= Work instruction =
An exact copy of every entry is the answer here, with no pictures.

*** Opening of Material for this exercise ***

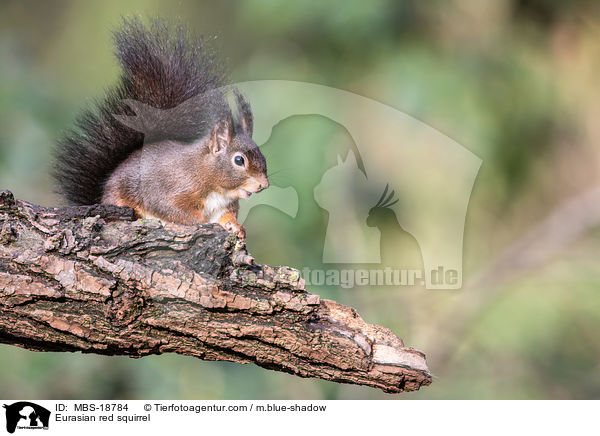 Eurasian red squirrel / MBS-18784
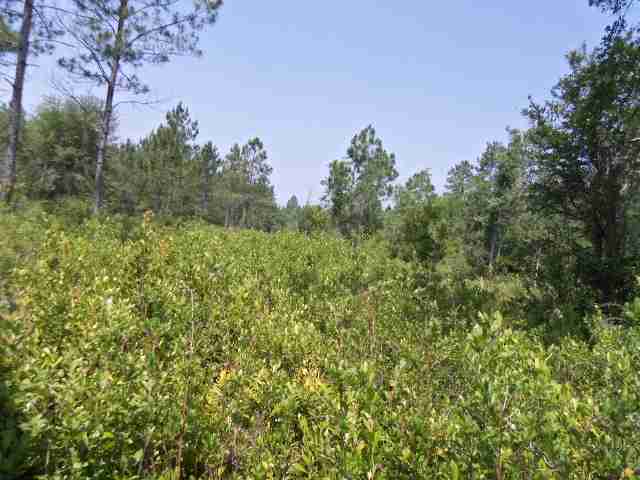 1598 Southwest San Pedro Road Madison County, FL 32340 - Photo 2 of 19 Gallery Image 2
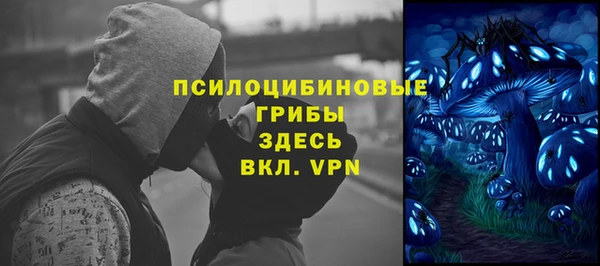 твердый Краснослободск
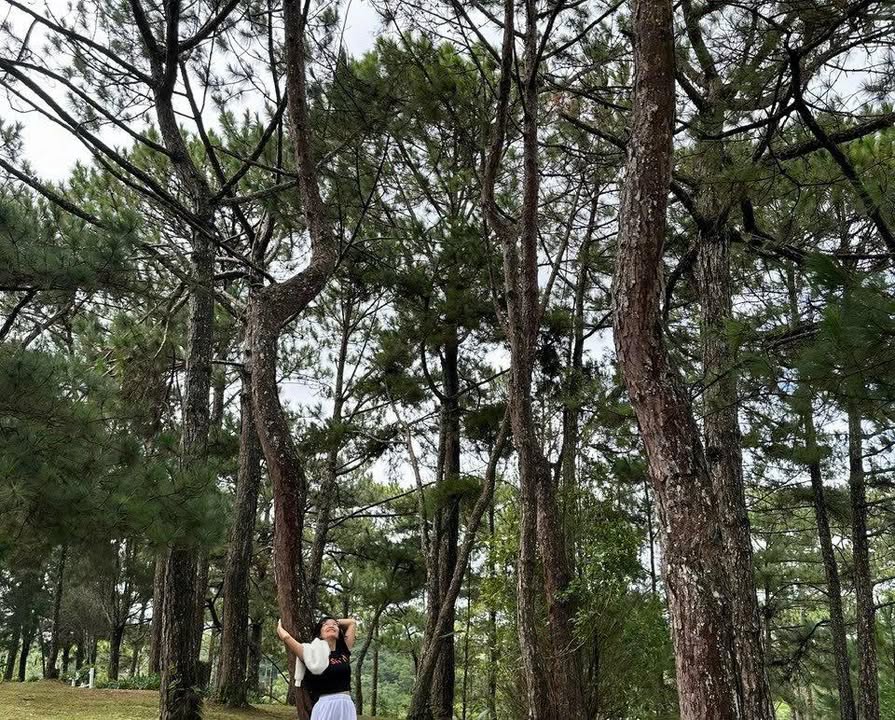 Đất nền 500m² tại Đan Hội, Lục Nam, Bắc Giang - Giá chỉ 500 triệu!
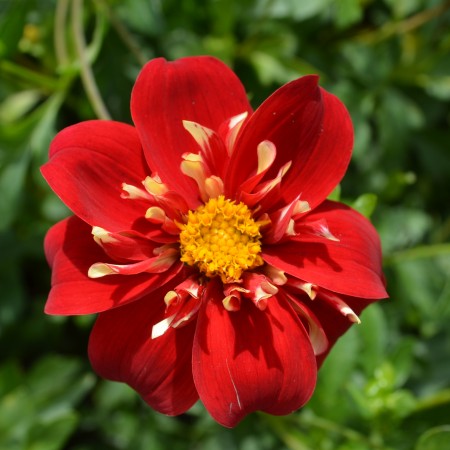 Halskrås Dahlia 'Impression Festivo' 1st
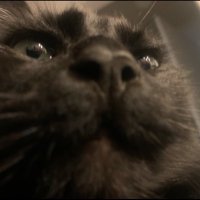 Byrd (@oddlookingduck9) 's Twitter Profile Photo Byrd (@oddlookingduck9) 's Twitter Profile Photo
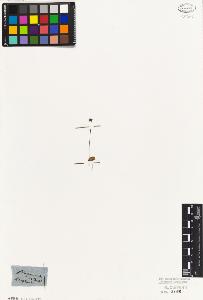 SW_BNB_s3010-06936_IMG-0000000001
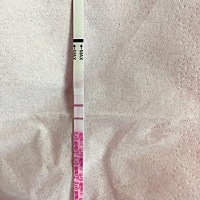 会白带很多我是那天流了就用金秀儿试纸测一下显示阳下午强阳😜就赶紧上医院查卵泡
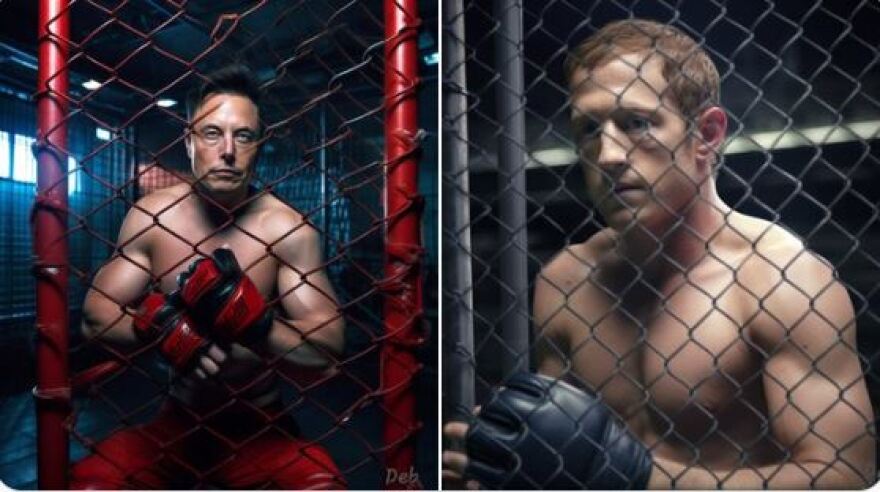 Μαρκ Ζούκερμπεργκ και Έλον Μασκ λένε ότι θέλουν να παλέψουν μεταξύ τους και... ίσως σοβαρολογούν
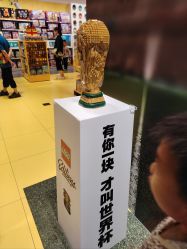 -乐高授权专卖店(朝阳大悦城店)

*** Close of Material for this exercise ***

= Answer box =
 Eurasian red squirrel / MBS-18784
 1598 Southwest San Pedro Road Madison County, FL 32340 - Photo 2 of 19 Gallery Image 2
 твердый Краснослободск
 Đất nền 500m² tại Đan Hội, Lục Nam, Bắc Giang - Giá chỉ 500 triệu!
 Halskrås Dahlia 'Impression Festivo' 1st
 Byrd (@oddlookingduck9) 's Twitter Profile Photo Byrd (@oddlookingduck9) 's Twitter Profile Photo
 SW_BNB_s3010-06936_IMG-0000000001
 会白带很多我是那天流了就用金秀儿试纸测一下显示阳下午强阳😜就赶紧上医院查卵泡
 Μαρκ Ζούκερμπεργκ και Έλον Μασκ λένε ότι θέλουν να παλέψουν μεταξύ τους και... ίσως σοβαρολογούν
 -乐高授权专卖店(朝阳大悦城店)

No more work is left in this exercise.